§ **Assignment**
In the material below, begin at the line that has "Imagen de la", stop after the line that has "Cropped hand of person holding pole in bus", and transcribe those lines exactly, without pictures.

§ **Source data**
● ● ● ●
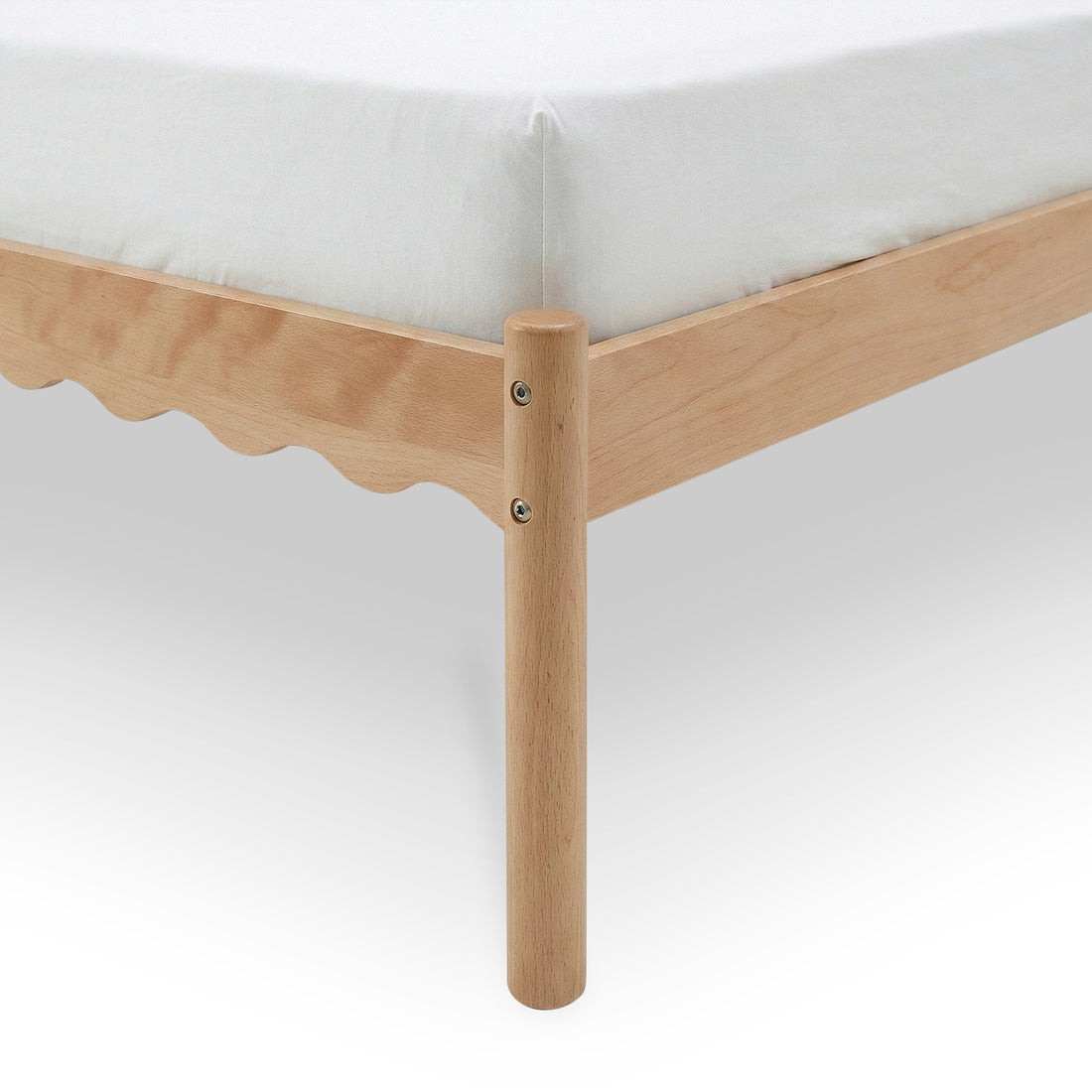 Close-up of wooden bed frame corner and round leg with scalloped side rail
● ● ● ●
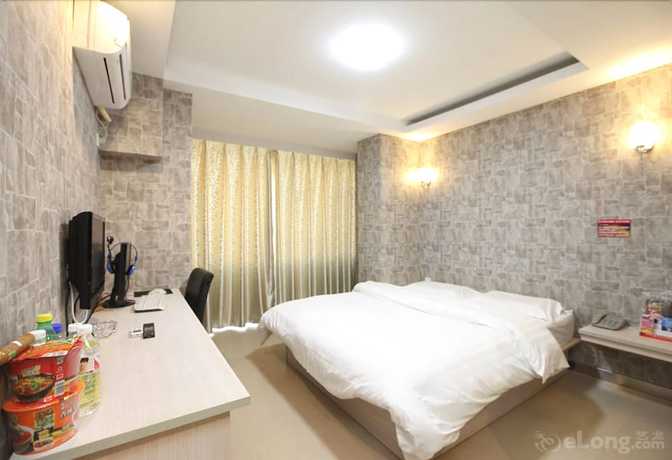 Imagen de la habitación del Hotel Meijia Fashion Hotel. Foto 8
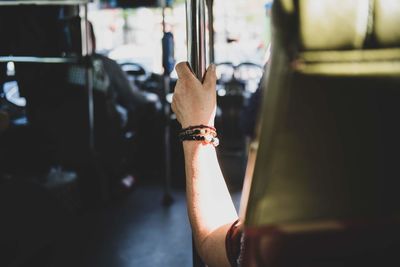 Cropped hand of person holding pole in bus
● ● ● ●
§ **The completed task**
 Imagen de la habitación del Hotel Meijia Fashion Hotel. Foto 8
 Cropped hand of person holding pole in bus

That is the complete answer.